→ Action item: Make an exact copy of the data below, leaving out every picture.

Extracted records:

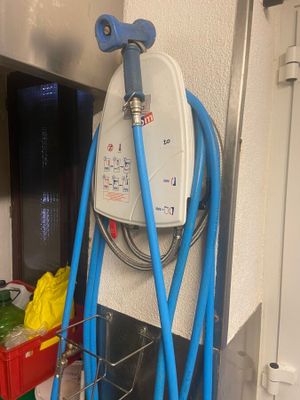un tuyau bleu fixé à un mur blanc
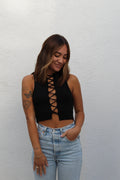 Woman in black ribbed front tie cropped tank top, size S, with light wash jeans.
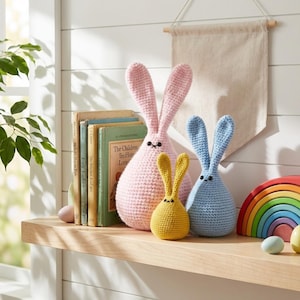 May include: A display of crochet bunnies in shades of pink, yellow, and blue, with black embroidered eyes. The bunnies are arranged on a wooden shelf alongside books, a wooden rainbow, and a blank banner.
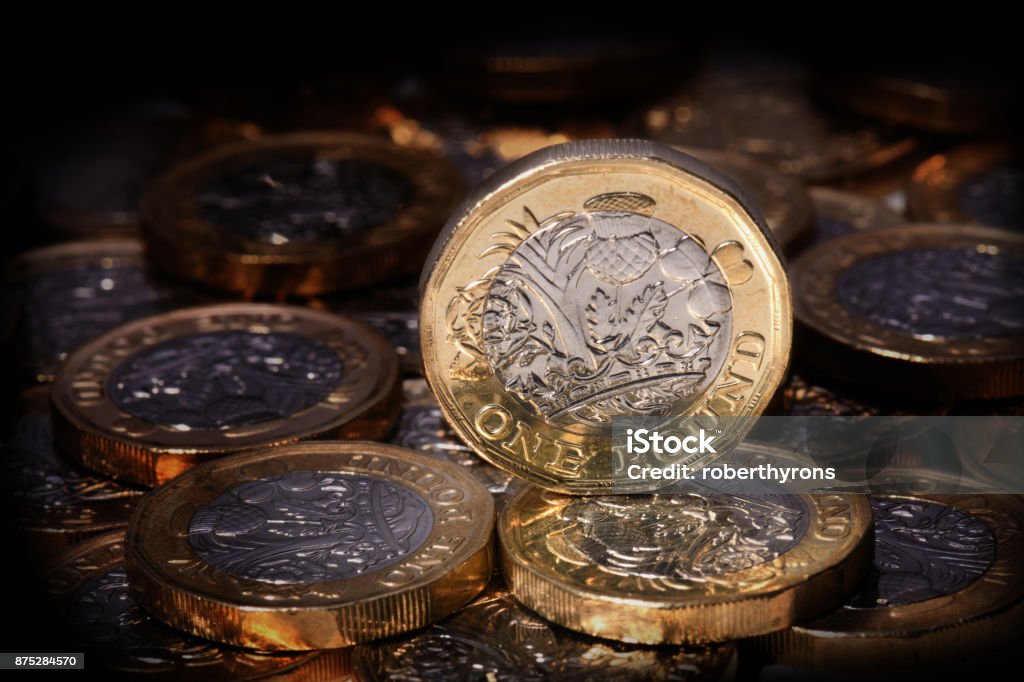 New one pound coin in a spotlight British Coin Stock Photo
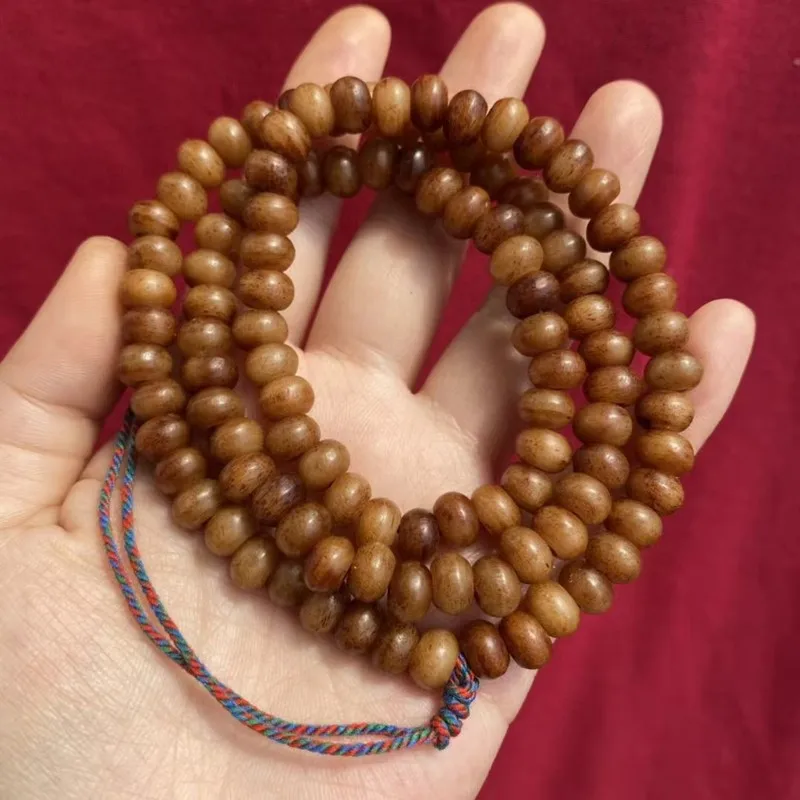 -style prayer made from camel and yak bone featuring traditional Tibetan medicinal tablets 108 beads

→ Result:
un tuyau bleu fixé à un mur blanc
 Woman in black ribbed front tie cropped tank top, size S, with light wash jeans.
 May include: A display of crochet bunnies in shades of pink, yellow, and blue, with black embroidered eyes. The bunnies are arranged on a wooden shelf alongside books, a wooden rainbow, and a blank banner.
 New one pound coin in a spotlight British Coin Stock Photo
 -style prayer made from camel and yak bone featuring traditional Tibetan medicinal tablets 108 beads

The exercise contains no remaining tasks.